The variance of columns of Q in QR decomposition of linear model in rstanarm

I’m trying to understand this article “Estimating regularized linear models with rstanarm”, but I’m having trouble with the section “Priors”. As background, we are working with the linear model under QR reparameterization:

y = X\beta + \alpha + \epsilon = Q\theta + \alpha +\epsilon,

where \theta = R\beta and \epsilon \sim N(0,\sigma_Y^2).

The vignette says:

To understand this prior, think about the equations that characterize the maximum likelihood solutions before observing the data on X and especially y

then

We can write its k th element as \theta_k=\rho_k \sigma_Y \sqrt{N-1} where ρ_k is the correlation between the k th column of Q and the outcome, σ_Y is the standard deviation of the outcome, and \sqrt{N−1} is the standard deviation of the k th column of Q.

No proof is given for any of these statements and I’m having trouble working them out for myself.
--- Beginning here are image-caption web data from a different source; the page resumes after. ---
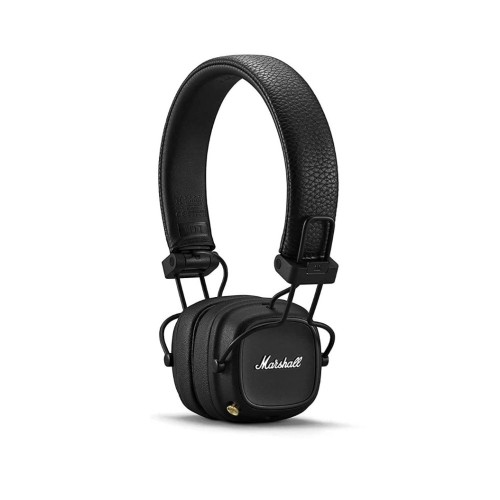 BELAIDĖS AUSINĖS MARSHALL MAJOR IV ON-EAR BLUETOOTH JUODOS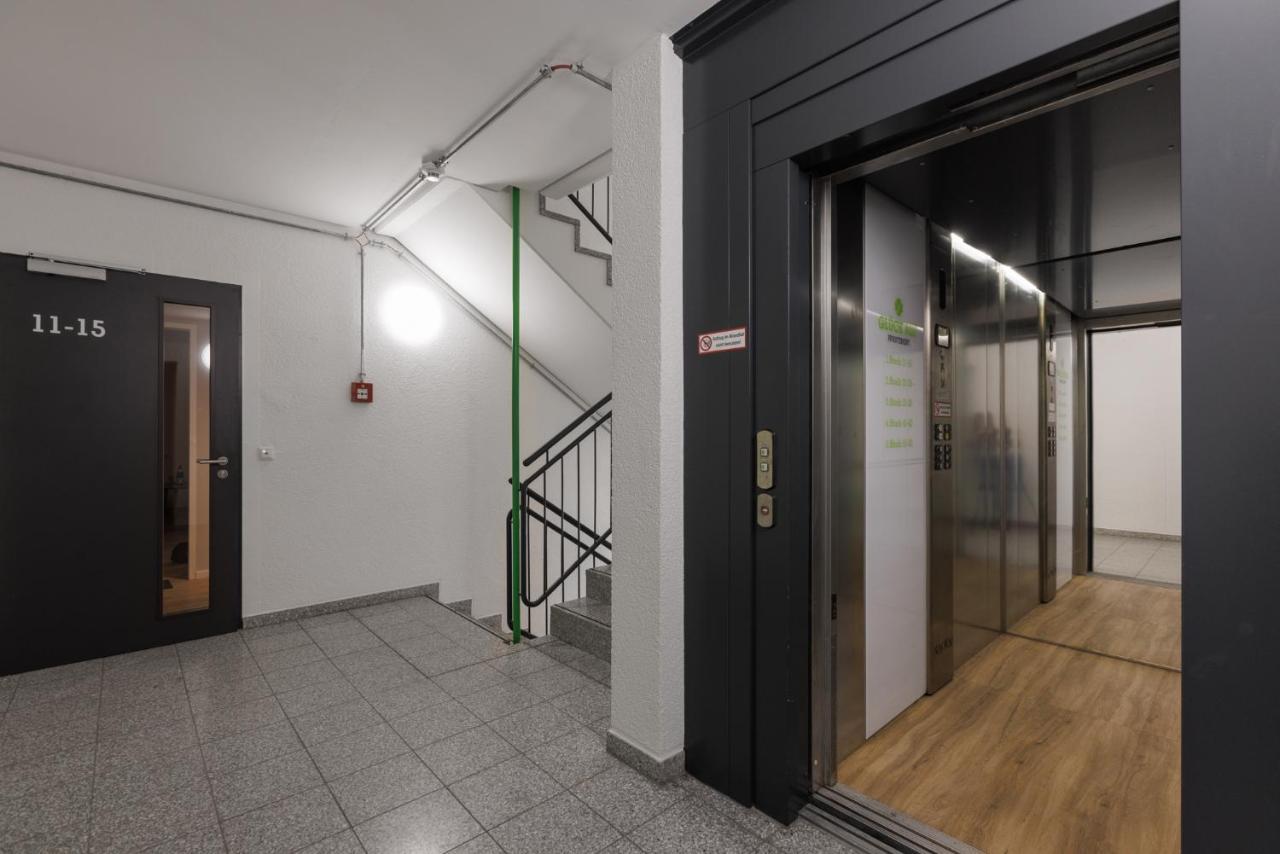 Glueck Auf Appartements Dueppelstrasse Oberhausen  Eksteriør bilde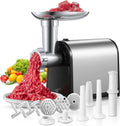 Hachoir à Viande Électrique 2000W, Professionnel 3 en 1 avec Accessoires Complètes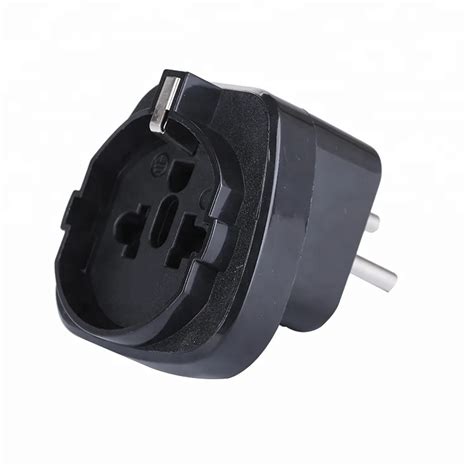 3 Pin Israel Plug Adapter Converter Universal Socket With Israel Type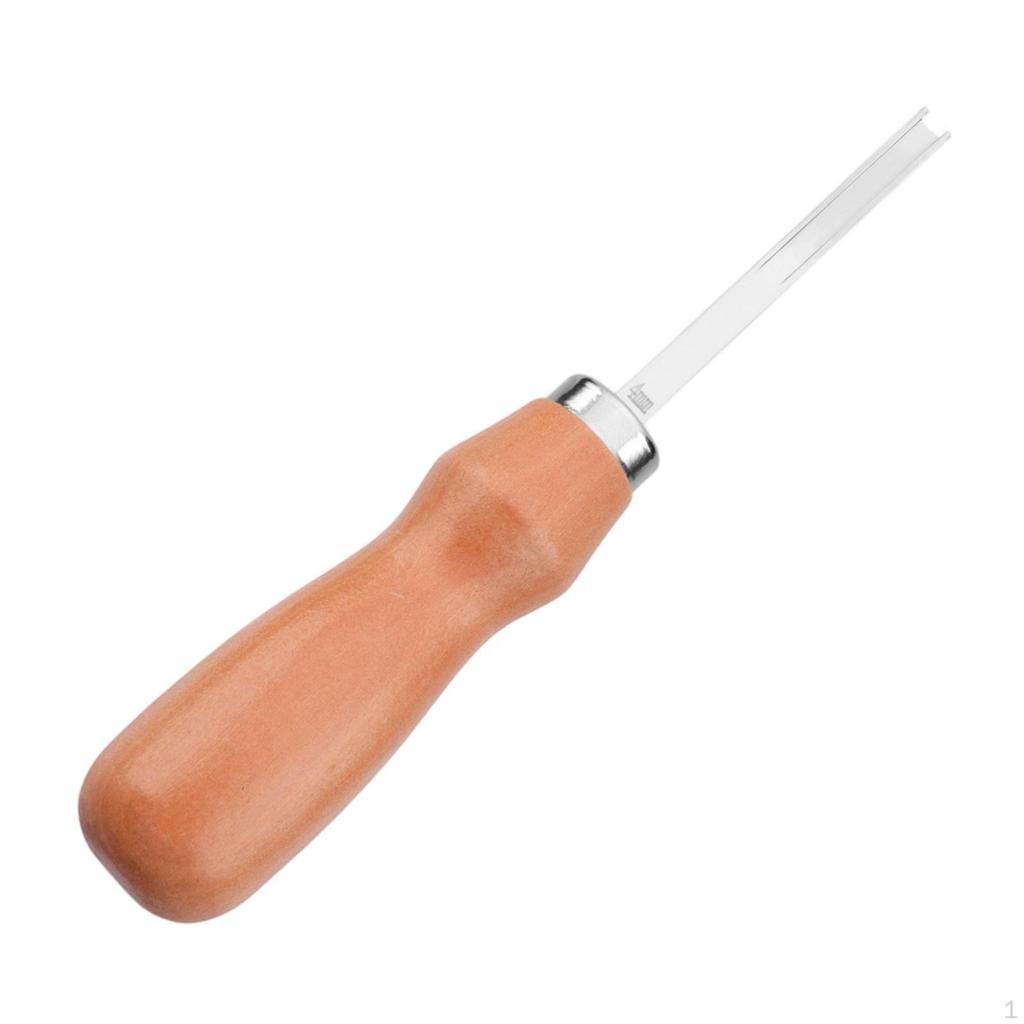 Edge Skiving Beveler Trimmer for Thinning Cutting Leather Working Tool Lightweight Leathercraft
I am treating X as a matrix composed of iid random rows and am trying work out the consequent properties of the random QR decomposition.

The matrix \mathbf{Q} has columns that all have a mean of zero and a sum of squares of 1. So, the sample variance is one over N - 1 and the sample standard deviation is the square root of that.

4 Likes

This morning I re-read the vignette and noticed that the predictors are centered, which cleared things up immediately. Thanks for the help!

That is true, although it would be essentially the same with an \mathbf{X} that is uncentered as long as it has a column of ones.